There is much difference between guarantee and warranty but in the case of defective products, you are entitled to warranty rights based on statutory provisions. The warranty period for newly purchased goods is 2 years. A guarantee, on the other hand, is a voluntary service – usually by the manufacturer. There are no uniform legal requirements here.
The terms warranty and guarantee are often used interchangeably. But they don’t mean the same thing and there are distinct differences.
Difference between warranty and guarantee: Broader vision
The terms “guarantee ” and “warranty “are repeatedly confused, misunderstood, or incorrectly applied. For several years now, the controversial issue of guarantee and warranty has been boiling up again as a result of the VW scandal over exhaust gas manipulation.

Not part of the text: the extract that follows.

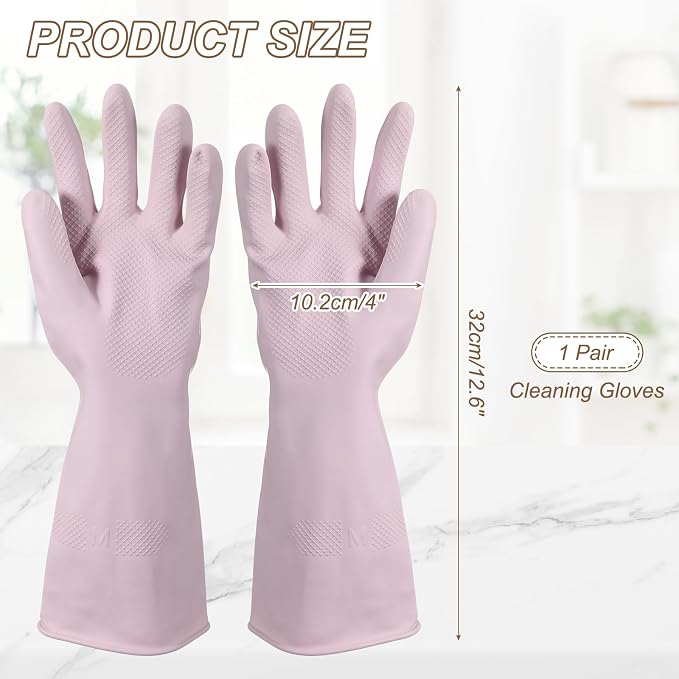 uxcell Rubber Cleaning Gloves, Reusable Household Dishwashing Long Rubber Gloves with Non-slip Grip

In a landmark judgment issued on May 25, 2020, the Federal Court of Justice confirmed that buyers of a diesel vehicle with “cheat software” from VW “are in principle entitled to compensation,” writes ADAC. However, plaintiffs would go away empty-handed if they “only bought their car after the VW emissions scandal”, according to the Automobile Association.
What is a Guarantee?
The warranty is a legal regulation. This means that the legislator obliges the seller to ensure that the goods delivered or sold are free from material and/or legal defects. In normal sales contracts, such as those in retail or mail orders, the product must be free from defects for 24 months. There is, however, a back door. After the first 6 months, the buyer must prove that the product already had the defect at the time of purchase.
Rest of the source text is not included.